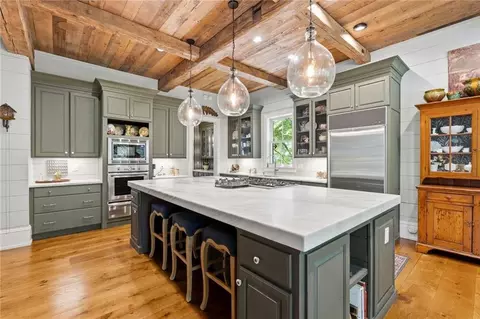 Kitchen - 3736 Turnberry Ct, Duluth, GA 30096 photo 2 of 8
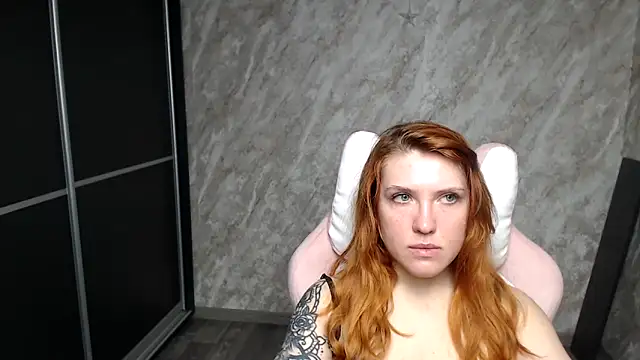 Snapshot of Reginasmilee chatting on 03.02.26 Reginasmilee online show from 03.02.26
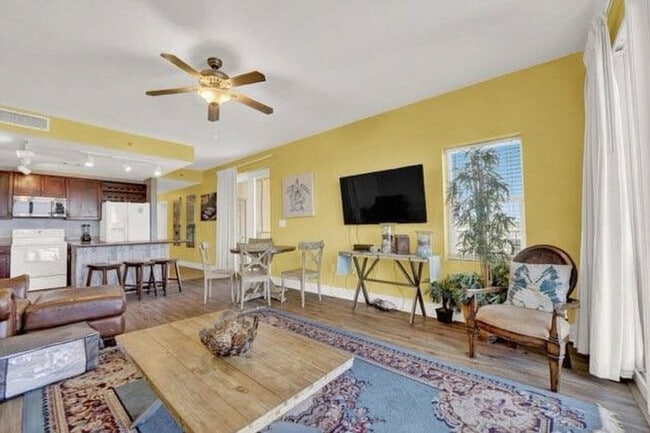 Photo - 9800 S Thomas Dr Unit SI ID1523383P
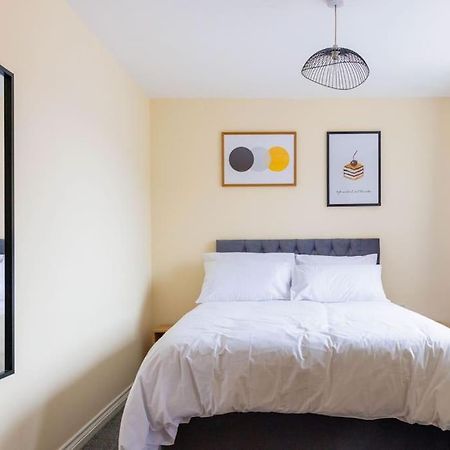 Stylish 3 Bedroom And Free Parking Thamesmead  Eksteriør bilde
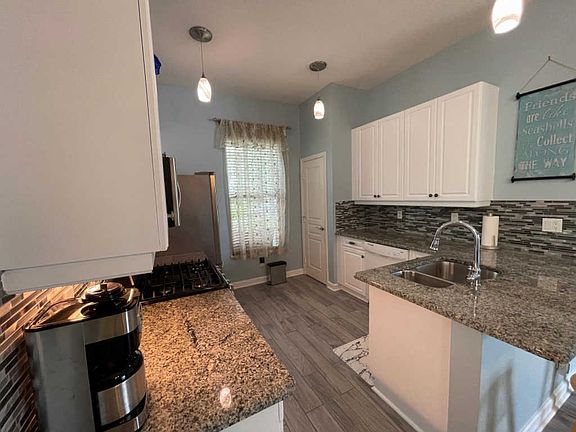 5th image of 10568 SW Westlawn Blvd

------------------------------

Could you give the material above again, exactly and without its pictures?

REPLY TO THE TASK -
 Kitchen - 3736 Turnberry Ct, Duluth, GA 30096 photo 2 of 8
 Snapshot of Reginasmilee chatting on 03.02.26 Reginasmilee online show from 03.02.26
 Photo - 9800 S Thomas Dr Unit SI ID1523383P
 Stylish 3 Bedroom And Free Parking Thamesmead  Eksteriør bilde
 5th image of 10568 SW Westlawn Blvd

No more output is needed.